En sigilo, los ex federales reportan problemas con la antigüedad en sus cargos y repartos jerárquicos. Se quejan que los ex Metropolitanos tuvieron mejor suerte en la adjudicación de puestos de relevancia. Los ejemplos abundan, personal con más de diez años de antigüedad en las calles quedaron bajo el mando de “principiantes” con dos o tres años patrullando. Para la familia policial eso es considerado una afrenta e incluye una desvalorización a sus carreras.
Para el Gobierno, el traspaso destruyó núcleos de poder y corrupción que arrastraban las antiguas prácticas de la Policía Federal, que terminaron por ser erradicadas con la unificación de una misma fuerza. Los recibos de sueldo son documentos categóricos: marcan la antigüedad desde la creación de la fuerza nueva. Que el traspaso fuera compulsivo es la queja que sobrevuela y supera cualquier otro reclamo, inclusive el salarial.
Todos los planteos administrativos recorrieron un sinuoso espinel hasta el Ministerio de Seguridad de la Nación que conduce Patricia Bullrich y regresaron al ámbito porteño. Desde allí sentenciaron que la justicia les dio la razón cuando dictaminó que los “méritos” eran la variable a analizar en caso de ascensos, ante los amparos presentados. Diferencias escalafonarias, salariales y la compulsión por el cambio no fueron atendidas como problemáticas. Adujeron que tampoco se trataron de casos generalizados.
Intervino también el Defensor adjunto del Pueblo porteño, Gabriel Fuks recordó que existe un artículo de la Ley de Seguridad Pública que ordena la creación del cargo de Defensor del Personal Policial. Ese sitio sigue vacante y nunca fue ocupado con algún nombramiento.
Desde el kirchnerismo también hicieron un pedido al ejecutivo porteño para que brinde información acerca del estado de los reclamos administrativos y la cuantificación del personal afectado al traspaso que presentó objeciones de cualquier índole a aceptar integrar la novel fuerza. Las manifestaciones que se extendieron a la Legislatura no fueron poco nutridas.

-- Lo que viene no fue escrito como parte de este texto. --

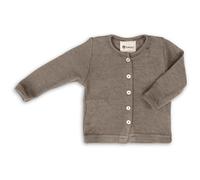 Engel Cardigan Kinder Freizeitjacke, Parkas grau Größe 86 Lifestyle Hautfreundlich Merinowolle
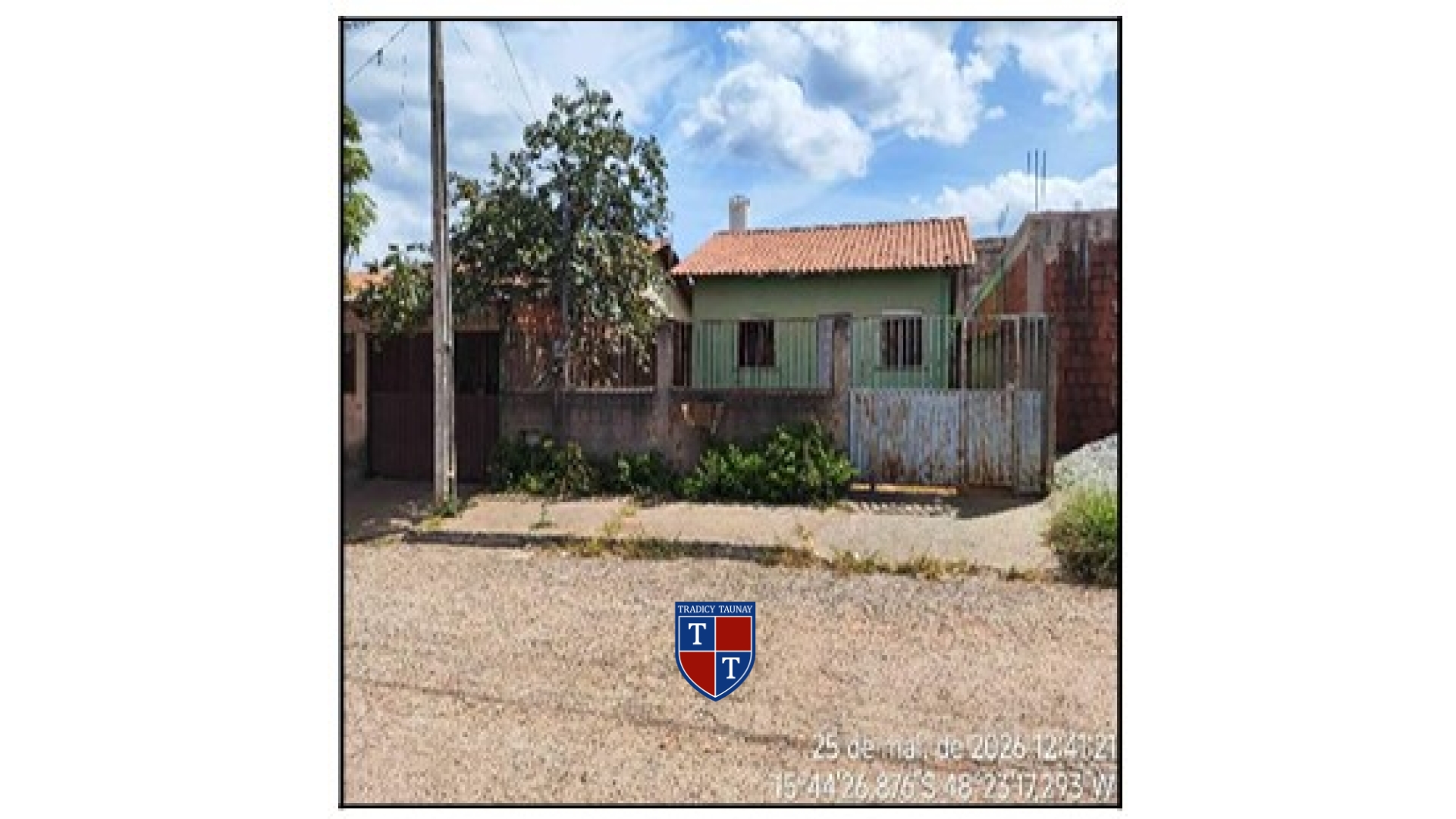 Foto 2 de CASA em RES I DE NOBREGA III, COCALZINHO DE GOIAS/GO - Imóvel Retomado CAIXA Ref 8444408917319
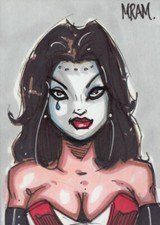 Kabuki original sketch for sale  Camarillo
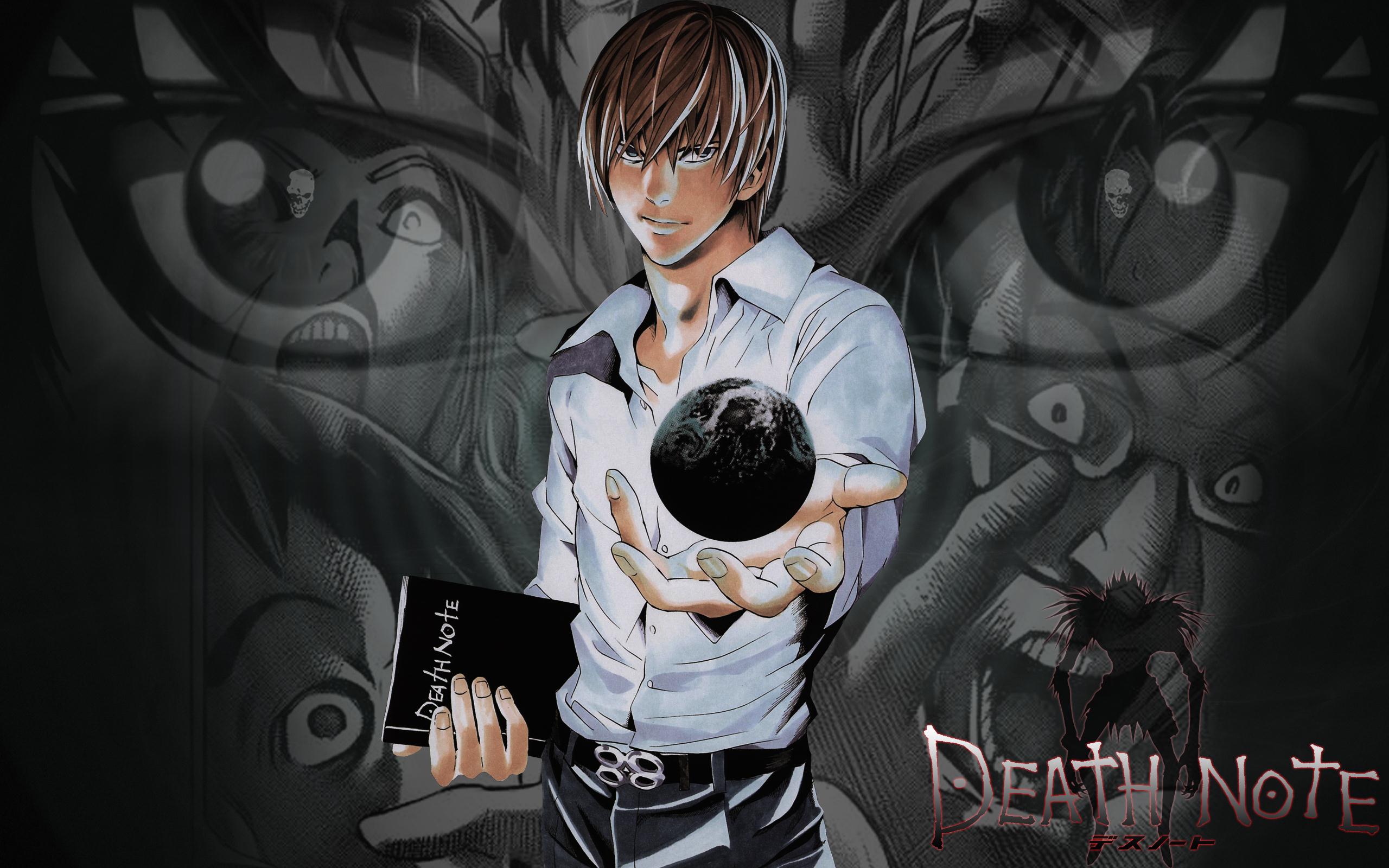 Free HD death note, anime, light yagami
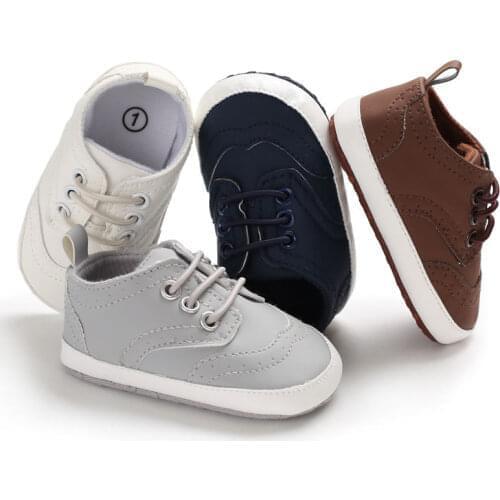 Baby Boy Casual Shoes Newborn Soft Boy Shoes First Walkers Spring Prewalker Newborn Baby Shoes For Outdoor Sport Shoes
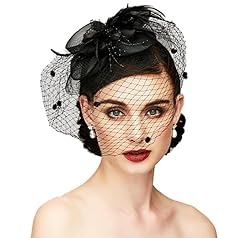 Losuya bowknot fascinator for sale  Delivered anywhere in UK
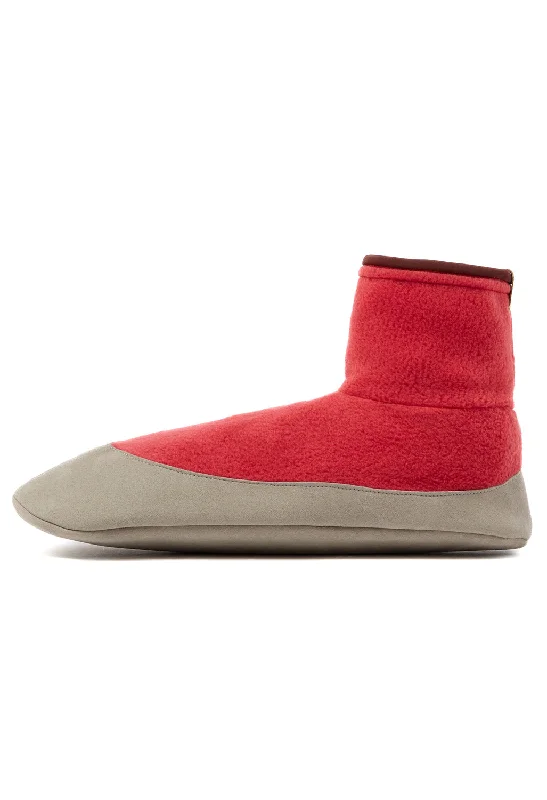 Montbell Climaplus 100 Camp Shoes - Red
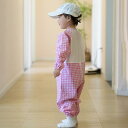 ベビー 赤ちゃん 夏用 薄手 軽量 コットン 綿 サラサラ 通気性 快適 お出かけ 外遊び 屋外 外出着 普段着 ロンパース カバーオール プレイスーツ チェック柄 格子柄 汚れにくい 防汚 つなぎ 涼しい 蒸れにくい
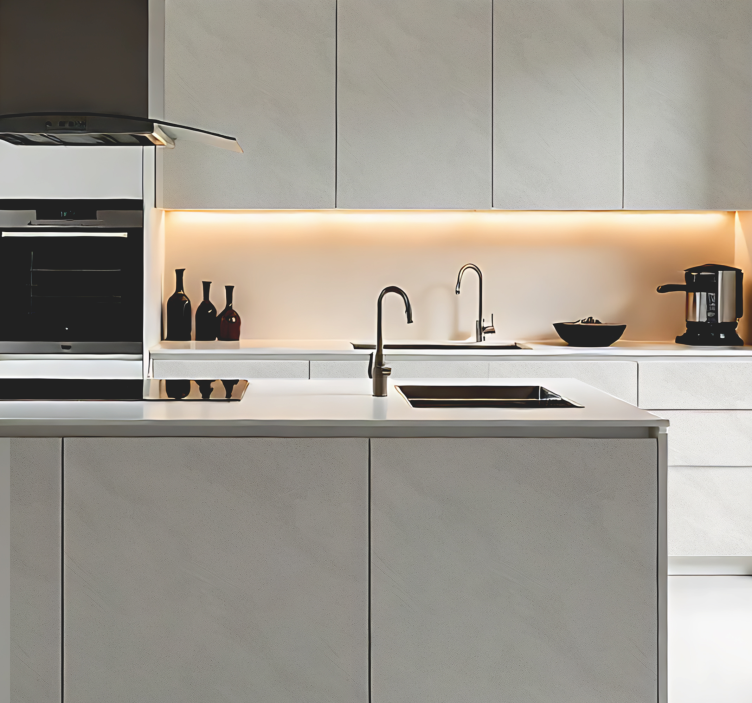 šviesaus akmens efektas virtuvės lipdukas - „Tenstickers“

Sin haber resuelto este problema, que por ahora permanece debajo de la superficie, el Gobierno Nacional estrenó otra controversia vinculada a la posible utilización de fuerzas armadas en cuestiones “logísticas” y de apoyo a las fuerzas federales para cuestiones de seguridad interior.
Este asunto está expresamente vedado en la normativa actual. Apoyo en la lucha contra el narcotráfico y el terrorismo fueron las idea fuerza que recorrieron la decisión oficial anunciada por el propio Presidente Mauricio Macri.
Incertidumbre y reparos dominaron las primeras horas del anuncio entre las fuerzas por su eventual rol. El Ministerio de Defensa se mostró mudo ante las primeras preguntas. Nadie dio detalles de los instrumentos legales que se tendrán que poner en práctica – la idea de un decreto se presume peligrosa y cuestionable -, ni de cómo se instrumentará desde el punto de vista operativo la iniciativa presidencial.
A los militares ya no solo les preocupa las decisiones que la política puedan tomar sobre ellos (la familia castrense se ha percibido a si misma muy maltratada durante las últimas décadas y no ha percibido modificaciones con el cambio de administración), sino también con la idea que pueda hacerse la sociedad de su papel, siempre atado en el imaginario al oscuro pasado que rodeó a la dictadura militar.
También aparecieron las primeras quejas: “no iremos a ser auxiliares de justicia, ni tampoco queremos dirigir el tránsito”, se atajaron. La controversia recién empieza sobre todo si el Gobierno busca polarizar a la sociedad buscando el apoyo del sector que sostiene la creencia de que con fuerzas militares en las calles se combate la criminalidad común.
Para colmo el jefe de la policía bonaerense Fabián Perroni y el jefe de la Federal, Néstor Roncaglia, en sendas declaraciones periodísticas argumentaron una cuestión bastante sensible para el ánimo de la Casa Rosada. Ambos reconocieron que las condiciones para ingresar en la delincuencia se han visto incrementadas en los últimos años a raíz de desequilibrios económicos que generan condiciones de vida más marginales.
Es precisamente el discurso contrario que los oídos del Gobierno querían escuchar. Y fue pasto para alimentar las críticas de la oposición al rumbo económico de la administración Macri, y por ende la de Rodríguez Larreta y la de María Eugenia Vidal.